If you've read this blog for any length of time, you know I have rather eclectic taste in reading material. I tend to like anything that stretches my brain into new ways of thinking. Right now I'm enjoying Stumbling on Happiness, which I began after watching Dan Gilbert's fabulous TED video on how bad we are at knowing what will bring us happiness. And as it occurred to me that Eldest would enjoy this book, it occurred to me that over the years I have fed her a large number of books that have helped (I hope) to broaden her understanding of the world.
Hence a partial list of good books for teens, in no particular order.
Switch: How to Change Things When Change Is Hard - Incredibly helpful stuff that will shift the way you think about how to approach problems.
How to Lie with Statistics - because people do.
The Numerati - or any other book on data mining. A current issue that also paints a picture of why it's worthwhile, career-wise, to be adept at math.
The Design of Everyday Things - This book changed my life. The surface topic is how and why certain objects are easier to use than others, but at heart it's about communication. Why do we push doors labelled PULL? Is there an intuitive way to communicate which switch on the stove lights which burner? Very thought-provoking.
Mountains Beyond Mountains: The Quest of Dr. Paul Farmer, a Man Who Would Cure the World - incredibly inspirational story of a man who has truly made a difference.
Made You Look: How Advertising Works and Why You Should Know - or any other similar book that raises awareness of how the media manipulates us.
A Million Miles in a Thousand Years: How I Learned to Live a Better Story - a great book about creating the plot in your life.
A Whack on the Side of the Head: How You Can Be More Creative - a classic. Substitute another problem-solving/creativity book if you want (Edward de Bono has a bunch), but make sure there's one on your list.
Mindset: The New Psychology of Success - the Carol Dweck manifesto, based on all her research about how what we think affects how much we grow and succeed. The classic Learned Optimism: How to Change Your Mind and Your Life (Seligman) is also worth reading.
Non-Designer's Design Book - a friendly introduction to the basics of layout and typeface use. Since everyone ends up designing something at some time, this is both interesting and useful.

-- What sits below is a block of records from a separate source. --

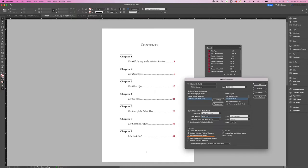Include Book Documents: select this option to create a single table of contents for all documents in the book file. Make Text Anchor in Source Paragraph: this option is related to accessibility in a digital book. If checked, it ensures that your table of contents items are hyperlinks so readers can click on them to be taken directly to that section in the book.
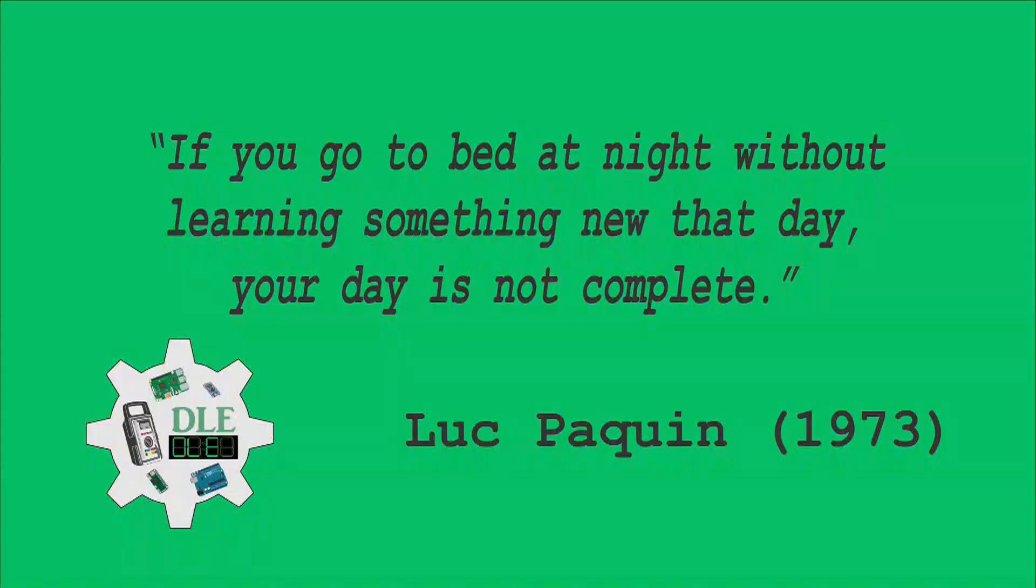If you go to bed at night without learning something new that day, your day is not complete. Luke Paquin, 1973.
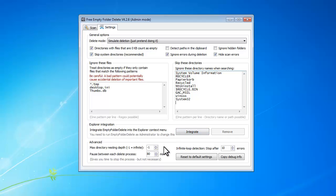You can set the scan depth, the pause between each deletion, and when the loop deletion should stop.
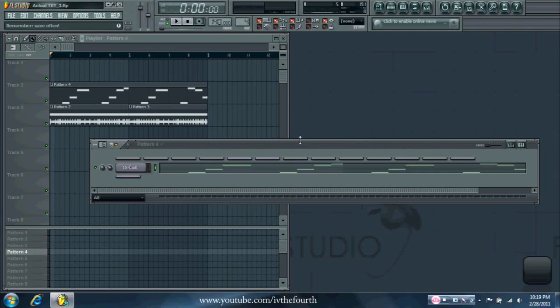What's up everybody, this is the 4th here, and today I'm going to show you how to change the speed of your wobble bass inside your song.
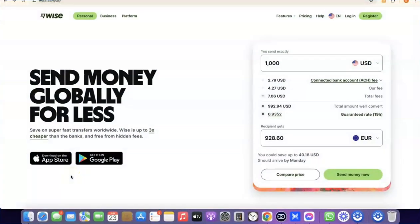Hello guys, welcome to my YouTube channel. In today's video I'm going to show you how you can easily create a Wise account that you can use to send and receive money internationally. For example, if you are into freelancing, you could set up a Wise account to receive money from your clients. If you are into dropshipping, you could also set up a Wise account to receive payment or link directly with your Stripe account.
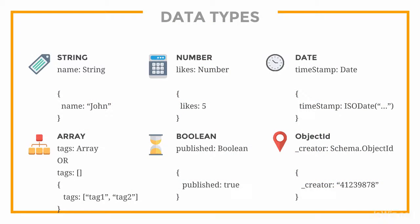There are six main data types: string, number, date, array, boolean, and object ID.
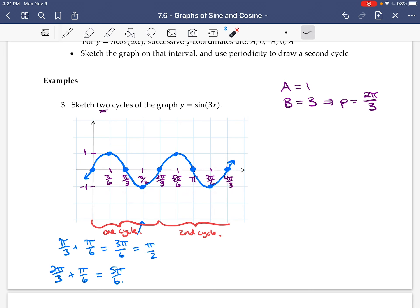Because the period has been affected, each step is π/6 rather than π/2. That's one way you can graph these transformations.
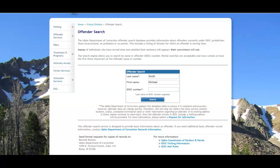Hi, this is Matt with Inmate Search Info. Today we're going to take a look at how to find Idaho inmates.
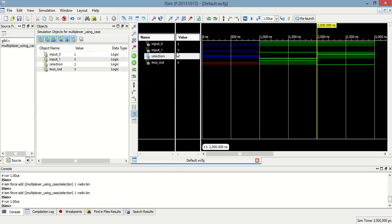In this case when selection is 1, at the time input_0 is max output 0. Thank you.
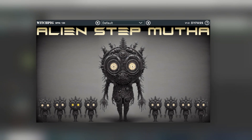Hello, I'm Tom, and in this video I'm going to be giving a walkthrough of how to use the Alien Stepmother plugin from WitchPig.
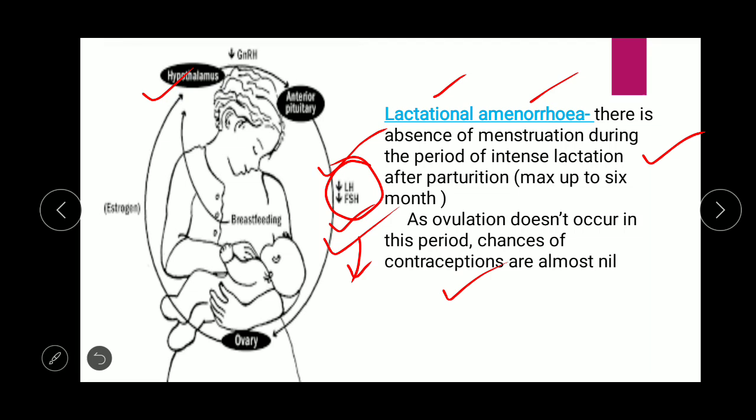The three natural methods are coitus interruptus, lactational amenorrhea, and periodic abstinence. The merit of natural methods is that no medication, equipment, or surgical procedure is required. However, the demerit is that the chances of failure are very high with natural methods.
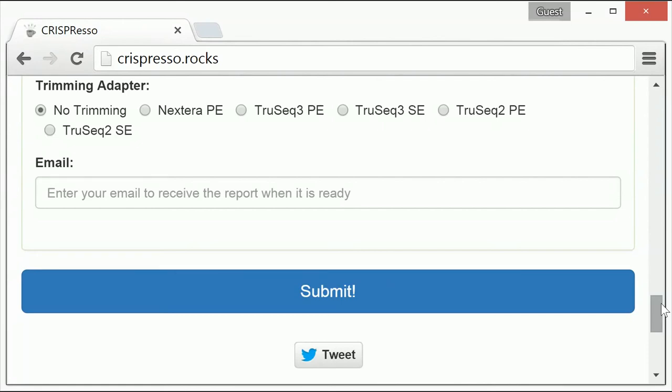However, if the adapters have not been trimmed, then select the adapters used in the experiment and CRISPResso will trim the adapter sequences for you.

Safe People: How to Find Relationships That Are Good for You and Avoid Those That Aren't - a Christian perspective, but I'm sure that if you're looking for a secular one, there's a similar book.
On Writing the College Application Essay - a tedious title for a truly excellent book. Written by a former admissions officer, this has probably the best example of how to edit that I've ever seen in a book. Read it at the beginning of junior year.
The Blue Sweater: Bridging the Gap Between Rich and Poor in an Interconnected World - a rather uneven book, but worth reading. The author ended up founding the Acumen Fund, a microfinance group that helps people in third-world nations.
If you've got more ideas (or comments on these), speak up!